The company is now focusing on bilateral deals with individual EU countries.
Mr Lingelbach will not go into details, but alludes to problems European officials had with the UK getting priority treatment - a factor baked into the British deal from the start.
A spokesman for the European Commission said it is aware of Valneva's position and is in discussion with member states on how to proceed.
The company did not meet certain conditions for a deal, he said.
"Despite a lot of effort, we have not made progress," Mr Lingelbach said. "It has gone in circles, and circles and circles."
The company has also had discussions with Australia and Canada about possible orders.

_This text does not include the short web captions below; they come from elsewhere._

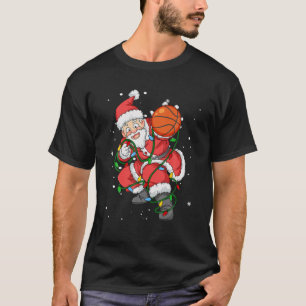 Basketball Santa Claus Christmas Tree Lights Pajam T-Shirt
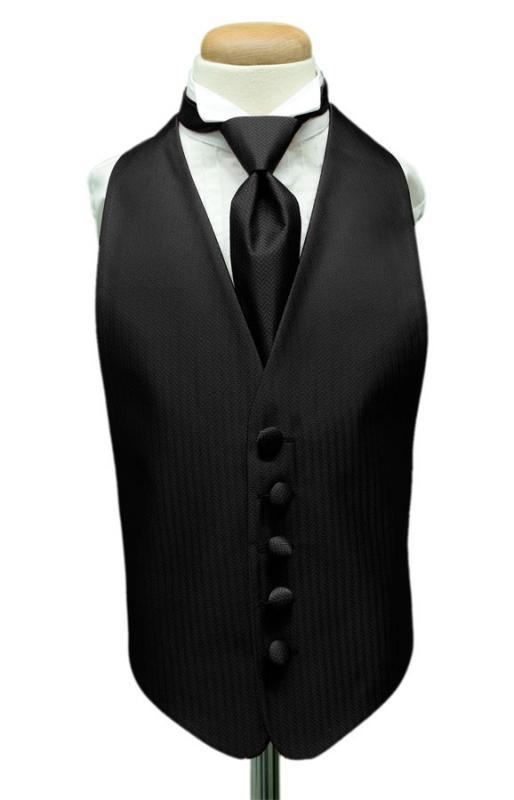 Cardi Black Herringbone Kids Tuxedo Vest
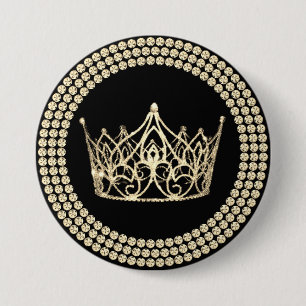 Prachtige Kroon Knop - Zwart & Goud Glam Ronde Button 7,6 Cm
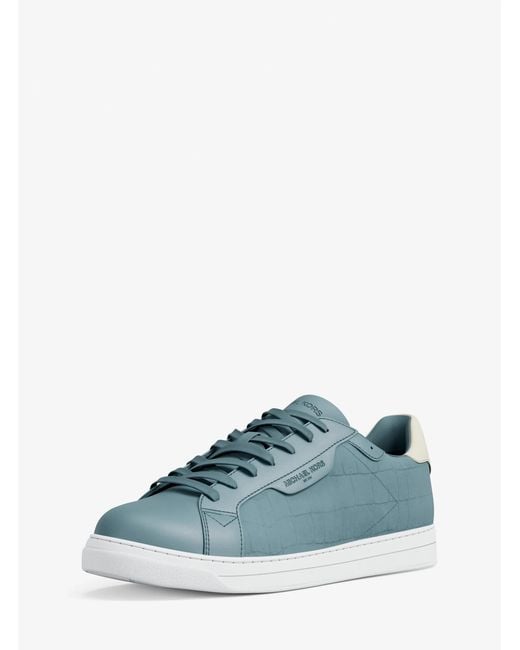 Michael Kors Blue Mk Keating Crocodile Embossed Suede And Leather Trainers for men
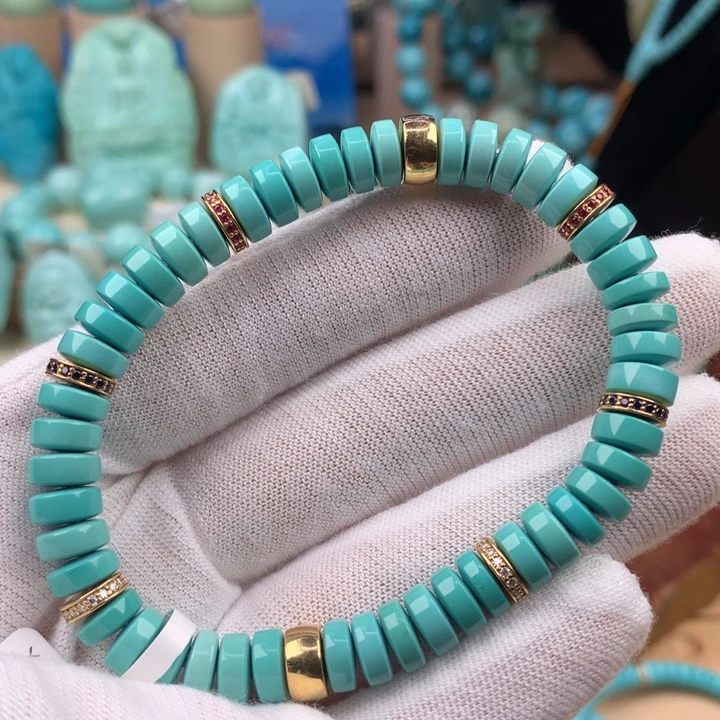 绿松石18K金镶嵌珠宝奇石7.7mm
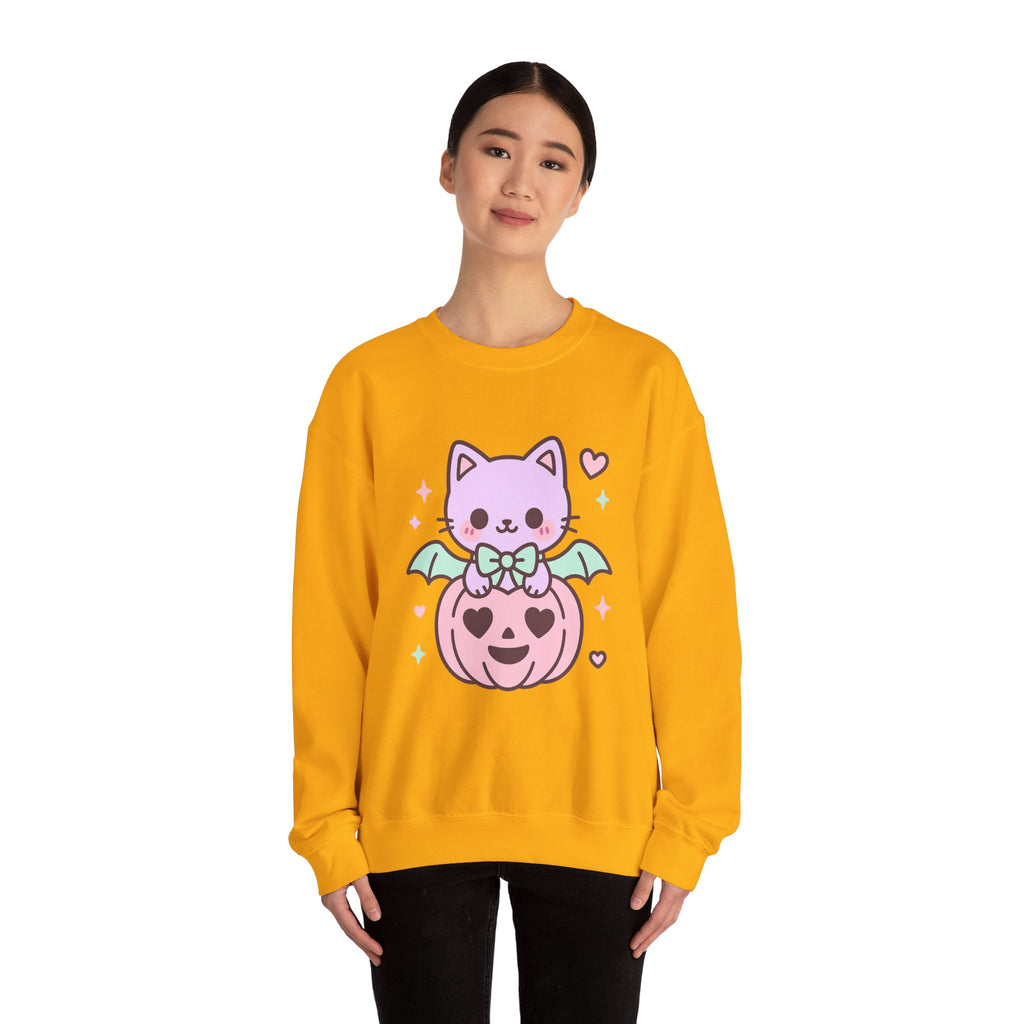 Kawaii Skull Sweatshirt – Pastel Bows & Hearts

Other inactivated Covid-19 vaccines exist beyond Europe. China's Sinovac Biotech and Sinopharm have also used the approach.
While the Sinovac vaccine initially posted an efficacy figure of about 50 per cent - lower than other vaccines and around the minimum regulatory threshold needed - more real-world data suggests the number could be higher.
Sinopharm's inactivated shots have both reported efficacy above 70 per cent.
In an ideal world, the Valneva vaccine would be tested against another inactivated shot, said Mr Lingelbach, but because there is no approved one in the West, the AstraZeneca vaccine was the next best comparison.
Adjustments have had to be made to take account of different dosing schedules and the age restriction on the AstraZeneca shot in the UK.
Alongside the possibility that the Covid-19 vaccine could be a regular booster shot providing sustainable revenue, the company is also hoping its Lyme and chikungunya vaccines will both be in use by 2025, moving the company into a different league.
Valneva has added hundreds of staff and plans to go from output of about three million vaccines a year to more than 100 million next year if the Covid-19 shot is successful.
"It's not the same game," said Mr Grimaud.
It is "what makes us wake up every morning, but sometimes not sleep at night as well".